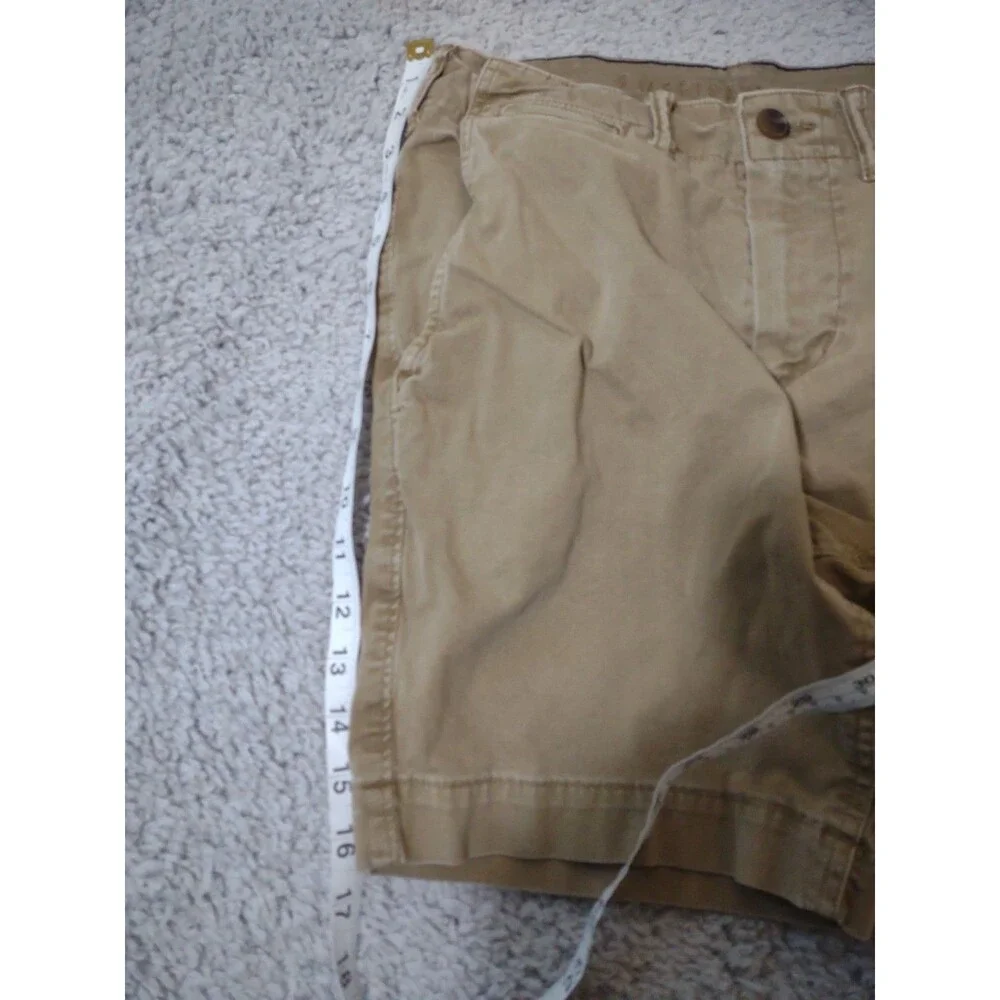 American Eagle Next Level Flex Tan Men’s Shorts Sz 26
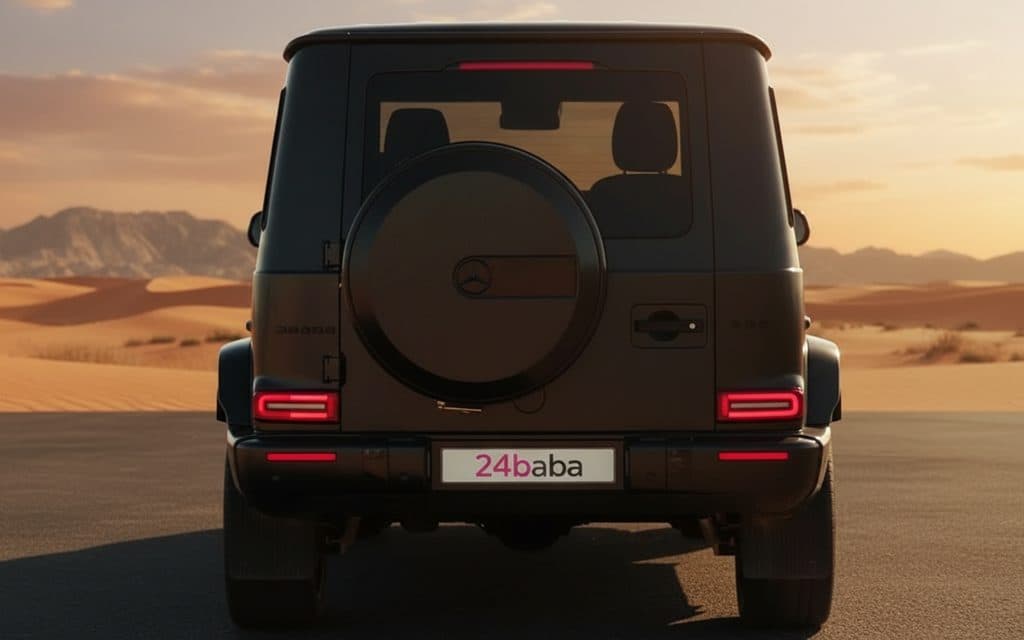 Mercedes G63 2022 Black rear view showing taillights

* * *

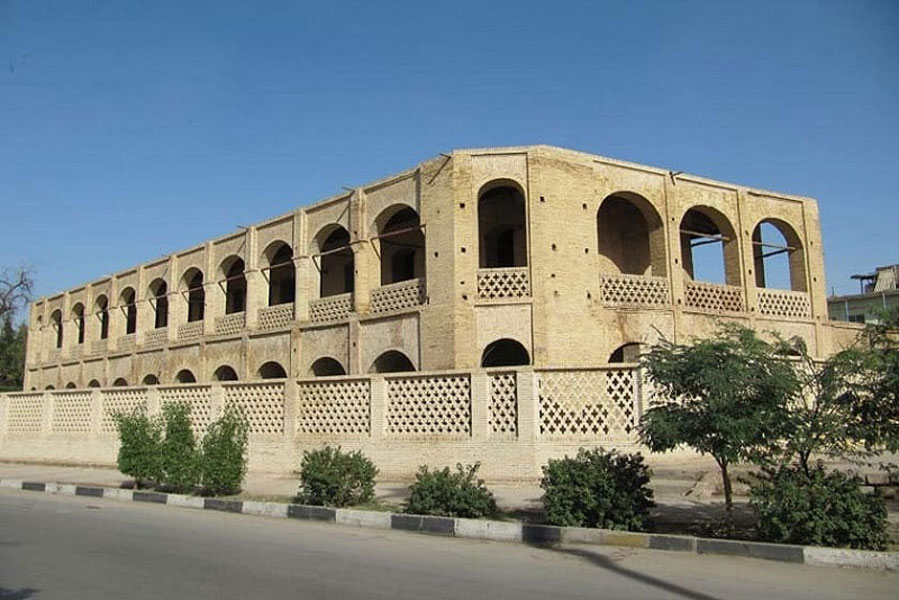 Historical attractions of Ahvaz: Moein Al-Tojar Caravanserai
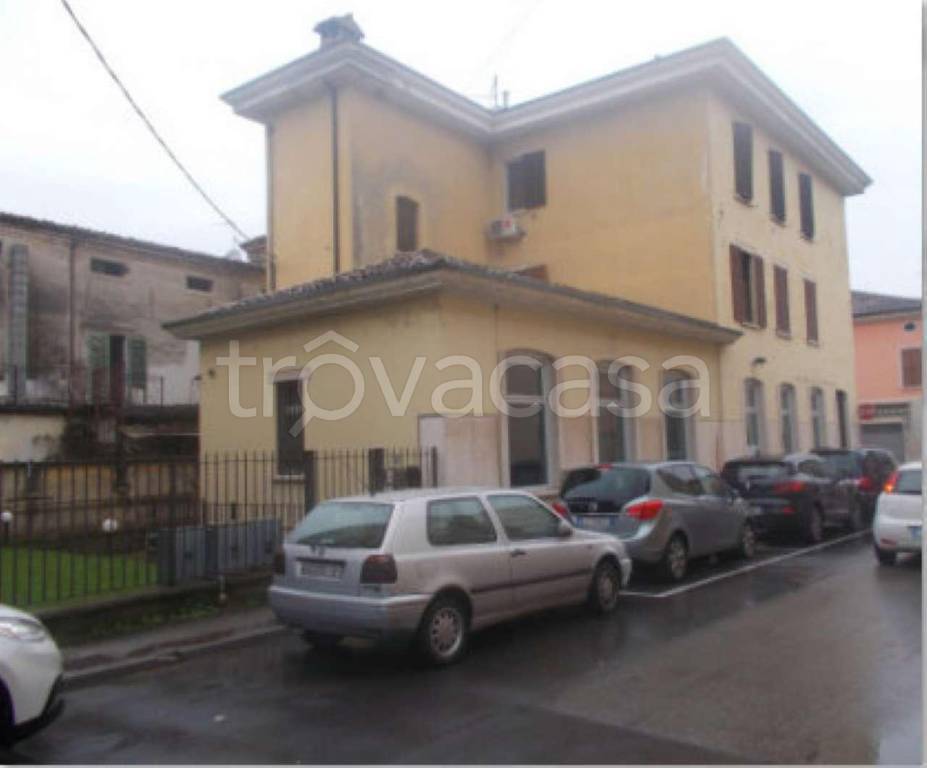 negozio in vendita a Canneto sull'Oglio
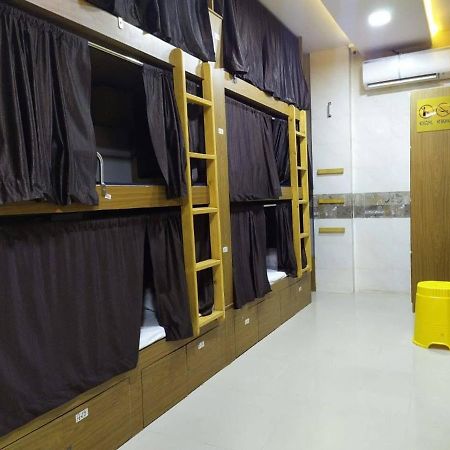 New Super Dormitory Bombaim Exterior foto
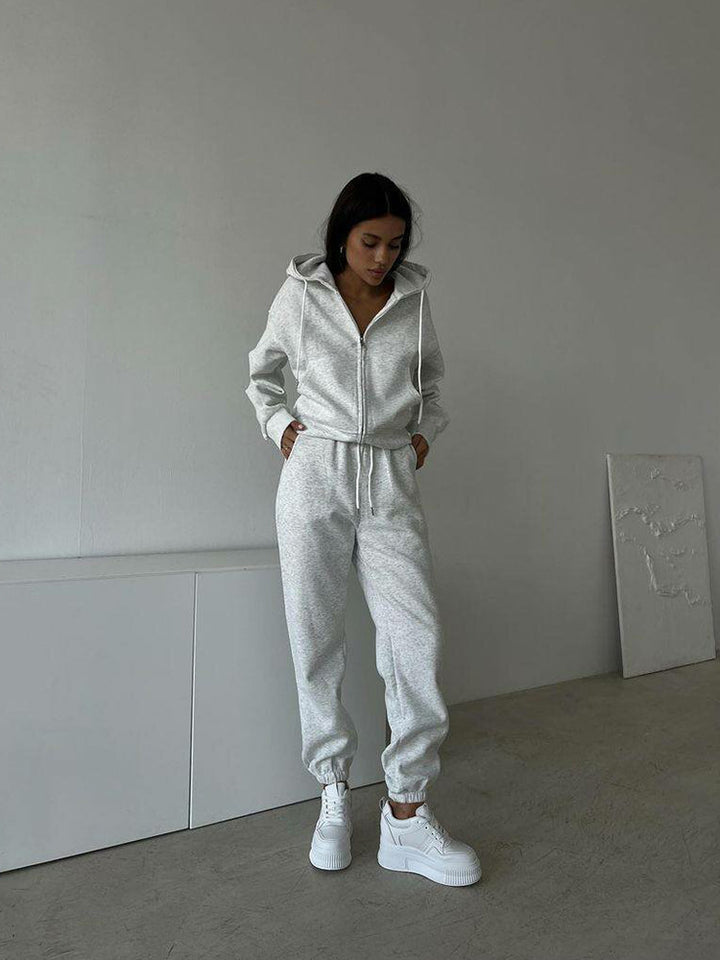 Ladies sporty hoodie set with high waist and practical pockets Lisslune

## [TASK ITEM]
Starting with the line above that holds "American Eagle Next", restate each line word for word up to and including the line that holds "Mercedes G63 2022". Drop the pictures.

## [FINISHED TASK]
 American Eagle Next Level Flex Tan Men’s Shorts Sz 26
 Mercedes G63 2022 Black rear view showing taillights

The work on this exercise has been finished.